In Fig. 9, we show the differences between the real number and the computed number of the cells. The difference is computed by comparing the actual number of the cells in the image and the counted number, as described by the following equation

\(d i f f=|R N-O N|\) (10)

where RN is the real number of the cells provided by the ground truth and ON represents the number outputted by the classifiers. As we can strongly remark in Fig. 9, the divergence between our predicted numbers and the real values starts at 40 cells. But, still the difference is around 2, which is really small. We clearly see that the complexity of the counting problem increases at the same time as the number of the cells.

**Fig. 9. Difference between real and predicted number of cells for the 3 methods.**

But, in the opposite way, the fact of using the segmentation masks as prior information for counting the cells really depreciates the accuracy of the regressor, as we can remark with the results of the state-of-the-art deep learning based method proposed in [9]. When we surpass the 30 cells, the divergence between the actual number of cells and the predicted number of that method is really important. This is a critical point where our method shows better improvement. As we could have expected, the divergence is really high for the computer vision techniques used in [15].

Another comparative study can be seen in Fig. 10 where we show the prediction error of the three different methods. This evaluation metric was computed by using the following equation

\(E r r=\frac{|R N-O N|}{R N}\) (11)

where RN is the real number of the cells provided by the ground truth, ON represents the number outputted by the classifiers.
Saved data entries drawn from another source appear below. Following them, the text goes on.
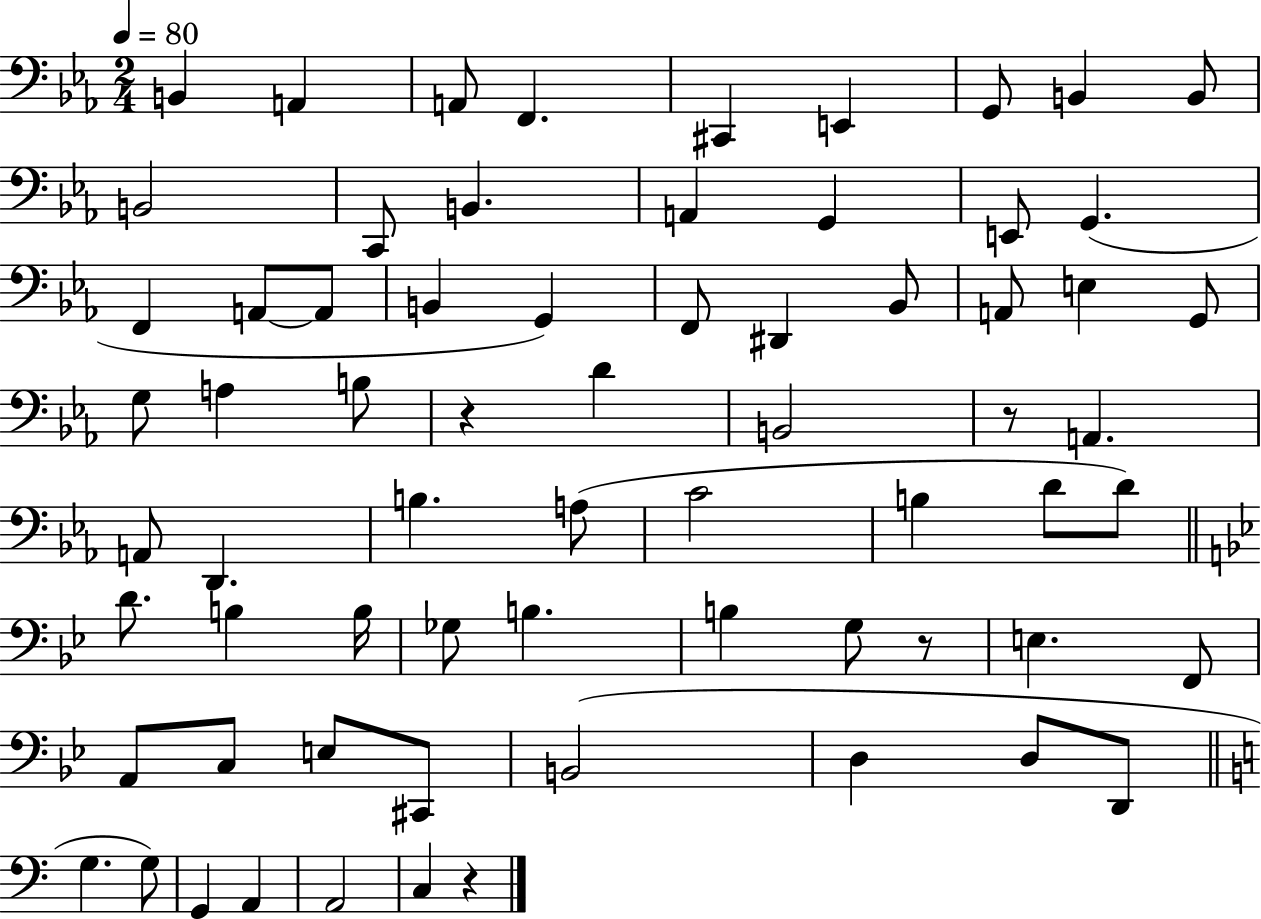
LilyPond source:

{
  \clef bass
  \numericTimeSignature
  \time 2/4
  \key ees \major
  \tempo 4 = 80
  \repeat volta 2 { b,4 a,4 | a,8 f,4. | cis,4 e,4 | g,8 b,4 b,8 | \break b,2 | c,8 b,4. | a,4 g,4 | e,8 g,4.( | \break f,4 a,8~~ a,8 | b,4 g,4) | f,8 dis,4 bes,8 | a,8 e4 g,8 | \break g8 a4 b8 | r4 d'4 | b,2 | r8 a,4. | \break a,8 d,4. | b4. a8( | c'2 | b4 d'8 d'8) | \break \bar "||" \break \key bes \major d'8. b4 b16 | ges8 b4. | b4 g8 r8 | e4. f,8 | \break a,8 c8 e8 cis,8 | b,2( | d4 d8 d,8 | \bar "||" \break \key a \minor g4. g8) | g,4 a,4 | a,2 | c4 r4 | \break } \bar "|."
}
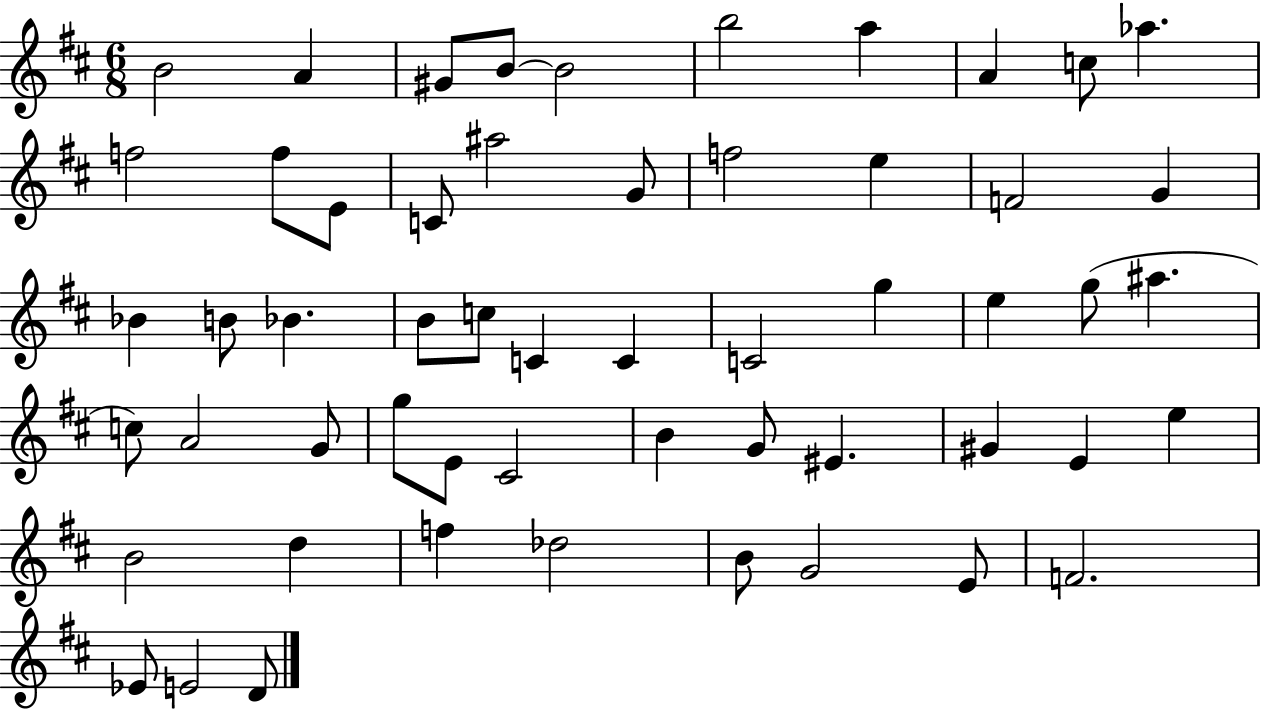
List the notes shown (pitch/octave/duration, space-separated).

B4/h A4/q G#4/e B4/e B4/h B5/h A5/q A4/q C5/e Ab5/q. F5/h F5/e E4/e C4/e A#5/h G4/e F5/h E5/q F4/h G4/q Bb4/q B4/e Bb4/q. B4/e C5/e C4/q C4/q C4/h G5/q E5/q G5/e A#5/q. C5/e A4/h G4/e G5/e E4/e C#4/h B4/q G4/e EIS4/q. G#4/q E4/q E5/q B4/h D5/q F5/q Db5/h B4/e G4/h E4/e F4/h. Eb4/e E4/h D4/e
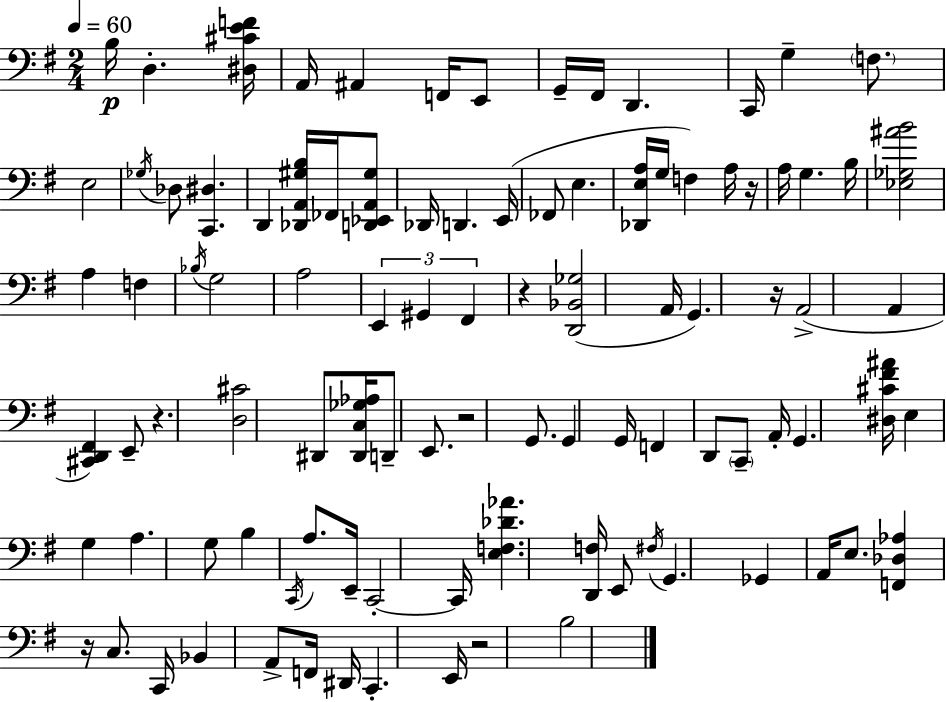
{
  \clef bass
  \numericTimeSignature
  \time 2/4
  \key g \major
  \tempo 4 = 60
  \repeat volta 2 { b16\p d4.-. <dis cis' e' f'>16 | a,16 ais,4 f,16 e,8 | g,16-- fis,16 d,4. | c,16 g4-- \parenthesize f8. | \break e2 | \acciaccatura { ges16 } des8 <c, dis>4. | d,4 <des, a, gis b>16 fes,16 <d, ees, a, gis>8 | des,16 d,4. | \break e,16( fes,8 e4. | <des, e a>16 g16 f4) a16 | r16 a16 g4. | b16 <ees ges ais' b'>2 | \break a4 f4 | \acciaccatura { bes16 } g2 | a2 | \tuplet 3/2 { e,4 gis,4 | \break fis,4 } r4 | <d, bes, ges>2( | a,16 g,4.) | r16 a,2->( | \break a,4 <cis, d, fis,>4) | e,8-- r4. | <d cis'>2 | dis,8 <dis, c ges aes>16 d,8-- e,8. | \break r2 | g,8. g,4 | g,16 f,4 d,8 | \parenthesize c,8-- a,16-. g,4. | \break <dis cis' fis' ais'>16 e4 g4 | a4. | g8 b4 \acciaccatura { c,16 } a8. | e,16-- c,2-.~~ | \break c,16 <e f des' aes'>4. | <d, f>16 e,8 \acciaccatura { fis16 } g,4. | ges,4 | a,16 e8. <f, des aes>4 | \break r16 c8. c,16 bes,4 | a,8-> f,16 dis,16 c,4.-. | e,16 r2 | b2 | \break } \bar "|."
}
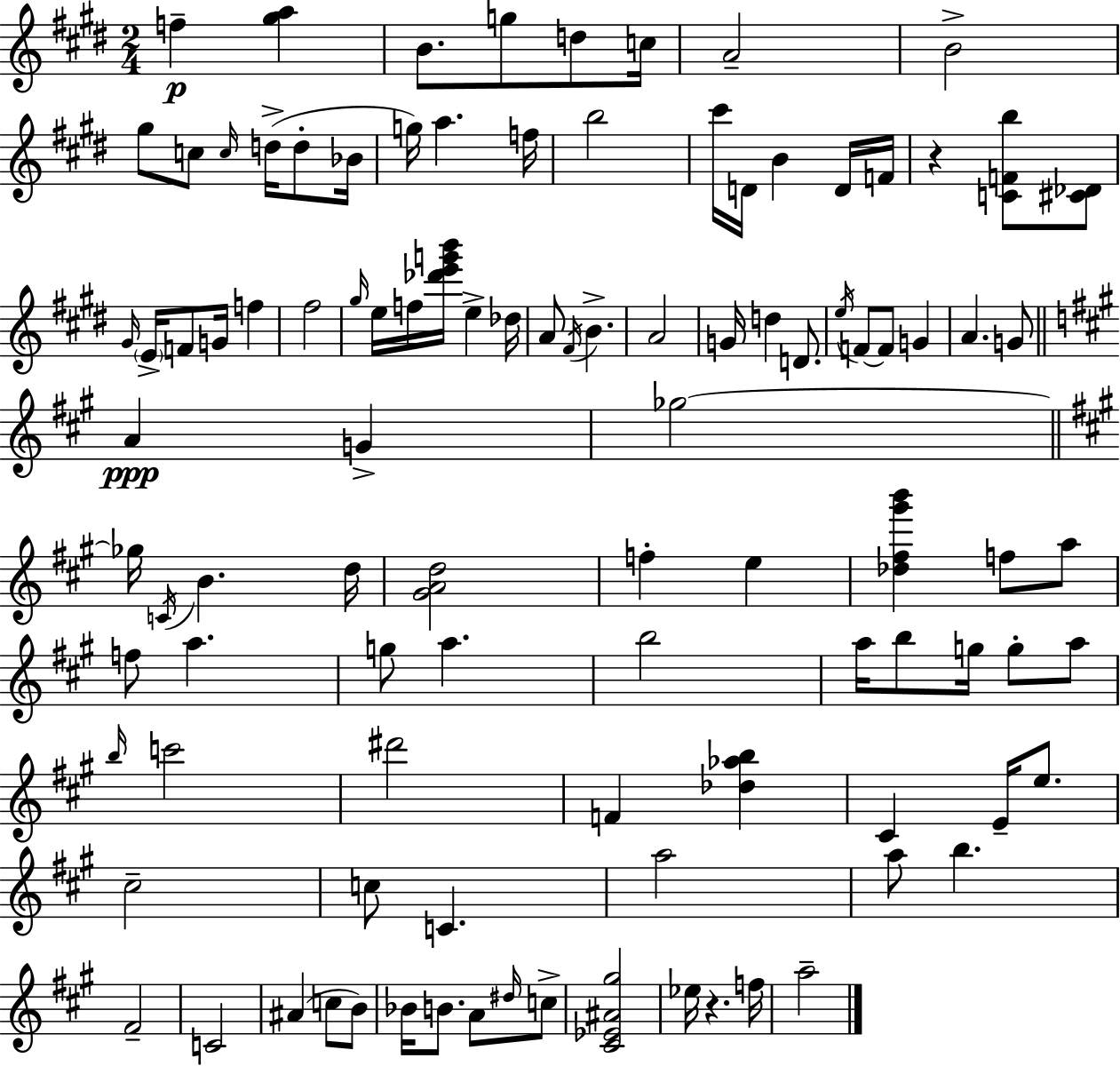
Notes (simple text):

F5/q [G#5,A5]/q B4/e. G5/e D5/e C5/s A4/h B4/h G#5/e C5/e C5/s D5/s D5/e Bb4/s G5/s A5/q. F5/s B5/h C#6/s D4/s B4/q D4/s F4/s R/q [C4,F4,B5]/e [C#4,Db4]/e G#4/s E4/s F4/e G4/s F5/q F#5/h G#5/s E5/s F5/s [Db6,E6,G6,B6]/s E5/q Db5/s A4/e F#4/s B4/q. A4/h G4/s D5/q D4/e. E5/s F4/e F4/e G4/q A4/q. G4/e A4/q G4/q Gb5/h Gb5/s C4/s B4/q. D5/s [G#4,A4,D5]/h F5/q E5/q [Db5,F#5,G#6,B6]/q F5/e A5/e F5/e A5/q. G5/e A5/q. B5/h A5/s B5/e G5/s G5/e A5/e B5/s C6/h D#6/h F4/q [Db5,Ab5,B5]/q C#4/q E4/s E5/e. C#5/h C5/e C4/q. A5/h A5/e B5/q. F#4/h C4/h A#4/q C5/e B4/e Bb4/s B4/e. A4/e D#5/s C5/e [C#4,Eb4,A#4,G#5]/h Eb5/s R/q. F5/s A5/h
We can see that our proposed method (2.18 % of prediction error) outperformed the conventional computer vision based method (22.32 %) and also the state-of-the-art deep learning method (7.99 %).

**Fig. 10. Prediction error of the three methods**

# 6. CONCLUSION

Segmentation is one of the most important steps for the fully understanding of images of biological processes. We have proposed a segmentation scheme of the biological images. We have used a pyramidal deep convolutional autoencoder in order to reconstruct the segmentation masks. And we have proposed a novel cell counting method by using the latent representations learned by the network as the inputs of a neural network based regressor. Our method significantly reduces the trade-off between the semantic and spatial features by allowing to capture features from different scales. The results show that the proposed method can perform a very pleasant segmentation and, most importantly, outperforms the state-of-theart method in case of cell counting.